━━━━━ Supplied material ━━━━━

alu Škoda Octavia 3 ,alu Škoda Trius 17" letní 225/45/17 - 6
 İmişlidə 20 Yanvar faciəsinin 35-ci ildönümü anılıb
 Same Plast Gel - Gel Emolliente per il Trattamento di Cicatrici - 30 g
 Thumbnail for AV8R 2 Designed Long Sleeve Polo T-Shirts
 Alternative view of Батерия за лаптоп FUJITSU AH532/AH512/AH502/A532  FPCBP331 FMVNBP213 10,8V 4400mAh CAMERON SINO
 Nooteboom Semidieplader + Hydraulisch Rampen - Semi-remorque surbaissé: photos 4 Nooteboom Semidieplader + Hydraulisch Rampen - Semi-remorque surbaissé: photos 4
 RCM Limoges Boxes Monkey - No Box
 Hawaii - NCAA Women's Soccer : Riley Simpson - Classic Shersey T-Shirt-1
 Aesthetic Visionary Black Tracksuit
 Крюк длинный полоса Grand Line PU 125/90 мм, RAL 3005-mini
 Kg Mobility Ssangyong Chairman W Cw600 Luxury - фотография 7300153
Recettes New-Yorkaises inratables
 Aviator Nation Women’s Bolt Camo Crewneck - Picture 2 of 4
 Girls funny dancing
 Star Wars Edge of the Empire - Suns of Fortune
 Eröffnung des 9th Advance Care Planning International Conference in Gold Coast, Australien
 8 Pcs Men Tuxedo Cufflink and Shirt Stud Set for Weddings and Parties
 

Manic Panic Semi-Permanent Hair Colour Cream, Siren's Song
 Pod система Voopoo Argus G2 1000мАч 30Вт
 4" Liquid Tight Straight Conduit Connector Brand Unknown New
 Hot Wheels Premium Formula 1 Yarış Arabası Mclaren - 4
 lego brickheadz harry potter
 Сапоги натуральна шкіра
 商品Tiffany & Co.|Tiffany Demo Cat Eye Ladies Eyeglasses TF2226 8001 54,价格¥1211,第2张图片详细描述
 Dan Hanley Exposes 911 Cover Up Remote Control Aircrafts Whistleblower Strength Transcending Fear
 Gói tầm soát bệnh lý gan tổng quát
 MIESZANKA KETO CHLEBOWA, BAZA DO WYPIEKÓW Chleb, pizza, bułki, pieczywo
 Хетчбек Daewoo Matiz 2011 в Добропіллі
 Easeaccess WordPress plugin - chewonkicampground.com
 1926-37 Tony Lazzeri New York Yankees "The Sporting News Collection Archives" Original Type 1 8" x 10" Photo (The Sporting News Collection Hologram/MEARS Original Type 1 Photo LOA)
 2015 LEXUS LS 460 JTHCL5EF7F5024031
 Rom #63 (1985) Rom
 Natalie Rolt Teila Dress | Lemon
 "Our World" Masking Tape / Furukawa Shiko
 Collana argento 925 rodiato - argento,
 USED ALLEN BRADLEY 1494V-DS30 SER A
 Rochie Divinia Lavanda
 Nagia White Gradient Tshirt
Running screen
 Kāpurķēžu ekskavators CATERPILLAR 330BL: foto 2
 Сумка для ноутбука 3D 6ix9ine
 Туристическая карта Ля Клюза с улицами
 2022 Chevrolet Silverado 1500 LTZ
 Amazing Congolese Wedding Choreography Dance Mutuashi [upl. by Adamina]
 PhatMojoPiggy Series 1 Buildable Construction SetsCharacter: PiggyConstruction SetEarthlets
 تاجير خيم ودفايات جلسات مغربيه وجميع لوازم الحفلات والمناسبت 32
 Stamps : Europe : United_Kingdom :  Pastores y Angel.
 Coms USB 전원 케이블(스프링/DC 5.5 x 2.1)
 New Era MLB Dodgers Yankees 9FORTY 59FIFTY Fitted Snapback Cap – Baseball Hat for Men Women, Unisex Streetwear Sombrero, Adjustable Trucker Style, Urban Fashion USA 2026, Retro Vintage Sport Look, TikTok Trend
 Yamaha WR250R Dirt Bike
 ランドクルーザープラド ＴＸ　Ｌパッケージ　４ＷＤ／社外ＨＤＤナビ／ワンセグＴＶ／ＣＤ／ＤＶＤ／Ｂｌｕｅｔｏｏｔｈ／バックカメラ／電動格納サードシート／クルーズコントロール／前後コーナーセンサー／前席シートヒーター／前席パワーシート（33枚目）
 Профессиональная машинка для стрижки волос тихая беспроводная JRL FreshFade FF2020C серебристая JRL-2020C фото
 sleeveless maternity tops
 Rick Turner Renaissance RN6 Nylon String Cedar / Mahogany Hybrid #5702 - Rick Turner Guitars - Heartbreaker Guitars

━━━━━

Task to carry out
Scan the listing for the string "Semi" and copy every line that carries it.

The answer
 Nooteboom Semidieplader + Hydraulisch Rampen - Semi-remorque surbaissé: photos 4 Nooteboom Semidieplader + Hydraulisch Rampen - Semi-remorque surbaissé: photos 4
Manic Panic Semi-Permanent Hair Colour Cream, Siren's Song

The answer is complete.